There will not be any transaction-log for rows that are inserted / deleted / updated in a temp table in the tempdb.
MSSQL 9 (YUKON) provides table variables. This table variable can be made use of to achieve the required functionality. This will allows us perform set oriented operation rather than record oriented operation.
Thanks
SN - Anonymous
March 30, 2004
Why would you use a cursor?
DECLARE @Ids TABLE (Id INT)
INSERT INTO @Ids SELECT Id FROM customers1 c1, customers2 c2 WHERE c1.id = c2.id AND c1.prefix = @prefix AND c2.city = @city
DELETE FROM Customers1 WHERE id IN (SELECT Id FROM @Ids)
DELETE FROM Customers2 WHERE id IN (SELECT Id FROM @Ids)
Ofcourse there are going to be table scans.. it could be optimised, but surely better than a cursor? - Anonymous
March 30, 2004
Woops. Didn't see the billion rows comment ;P - Anonymous
March 30, 2004
Hmm.. on second thoughts, I stand by the temp table solution.
How many times have you seen an application suddenly have the need to purge billions of rows on a regular basis? I've only seen a couple of databases that had a billion rows, and even then, there was serious red-tape processes involved any time you even wanted to modify a single field. Let alone delete a billion rows.
I say avoid cursors like the plague. Use the temp table. - Anonymous
March 30, 2004
The comment has been removed - Anonymous
March 30, 2004
Interesting info: 1) I was not trying to solve an objectspaces problem; similiar but not that precisely. 2) I'm assuming I cannot modify the schema of the database, create procs, or anything else so everything must be akin to a batch request. 3) thinking about what was the most general solution that would be guaranteed to work in even extreme scenarios, though I admit would not necessarily be the most performant. 4) was not targetting yukon yet; table variables are interesting though, much better than temp tables.
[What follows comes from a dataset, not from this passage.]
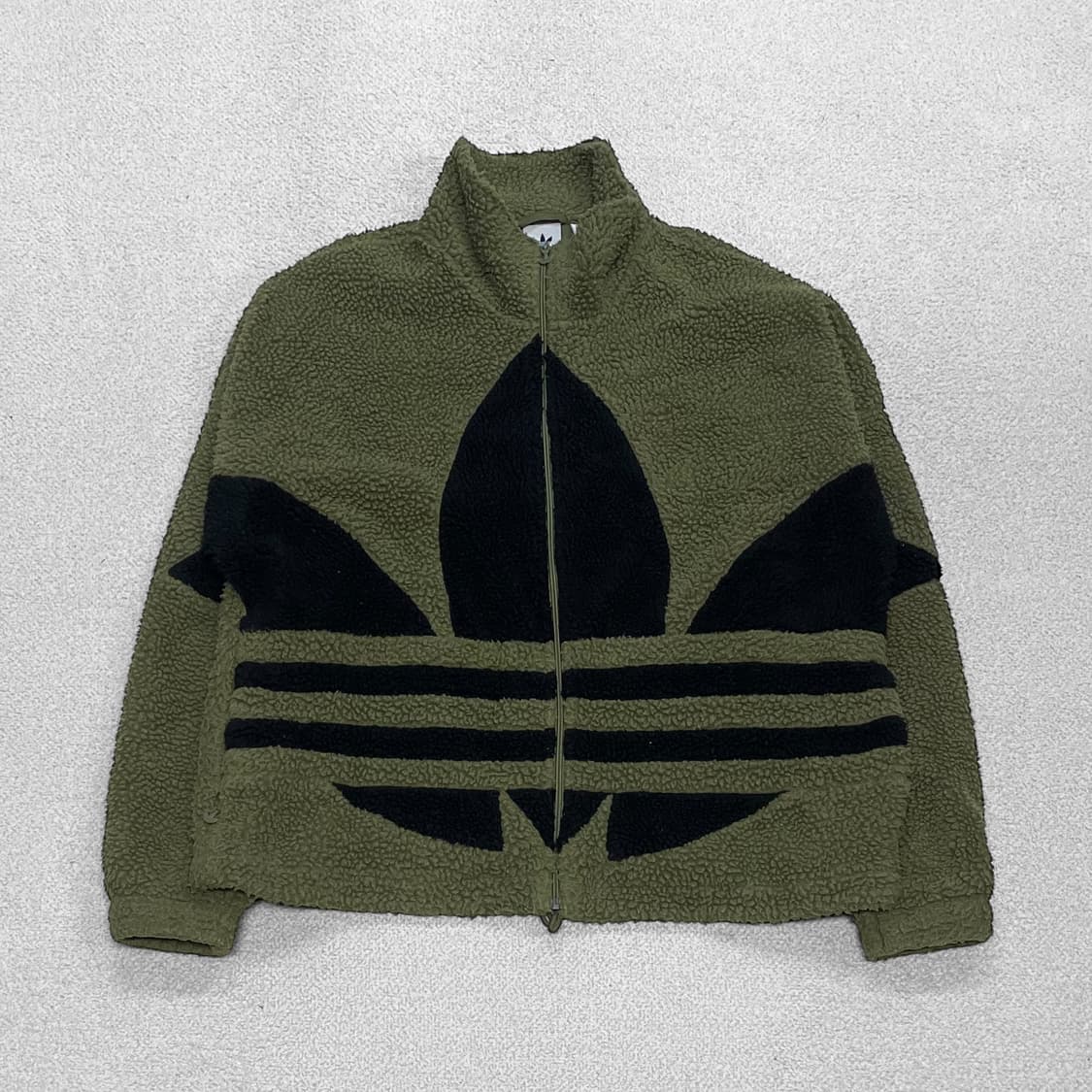 아디다스 빅 트레포일 후리스 자켓 카키 상품이미지1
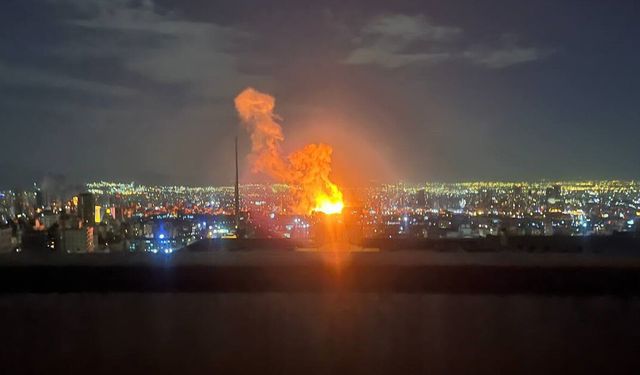 Tahran’da Kritik Hedef Vuruldu: İran Devlet Yayınları Kesildi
Thanks for the feedback - Anonymous
March 30, 2004
I've never been very good at taking people's word for it, so re: the triggers I must ask whether you also considered that views can now have INSTEAD OF triggers? - Anonymous
March 30, 2004
Again I was not considering triggers for this behavior mapping because I can not assume a particular design or priviledges to change the system at runtime. If all were perfect, then everything would be designed into the substrate, but lacking that what tools are at my disposal to solve these things generally. - Anonymous
March 30, 2004
The comment has been removed - Anonymous
March 31, 2004
The comment has been removed - Anonymous
March 31, 2004
The comment has been removed - Anonymous
March 31, 2004
If there really is meant to be a 1-1 mapping between the two tables, and you can't have this enforced by the DB with triggers or ref integrity or whatever,
you could do something like
-- delete from one of the tables using criteria
-- that spans both tables
delete c2 from Customers1 c1, Customers2 c2 where c1.Id = c2.Id and c1.prefix = @prefix and c2.city = @city
-- clean up all orphans in the other table
delete from Customers1 where id not in
(select id from Customers2) - Anonymous
March 31, 2004
Whoa... a billion rows, eh?
Well then guess what? Sometimes cursors do work 1000% better than complex queries.
I think that TABLE variables are forced to be in-memory.
So if you do some sort of stream of results to a temp table, you have to record a billion new rows in your temp table before you even begin deleting. If you use a cursor, then there's no monster spool before the deletion can commence.
If you're really talking that large of a scale, a lot of rules change.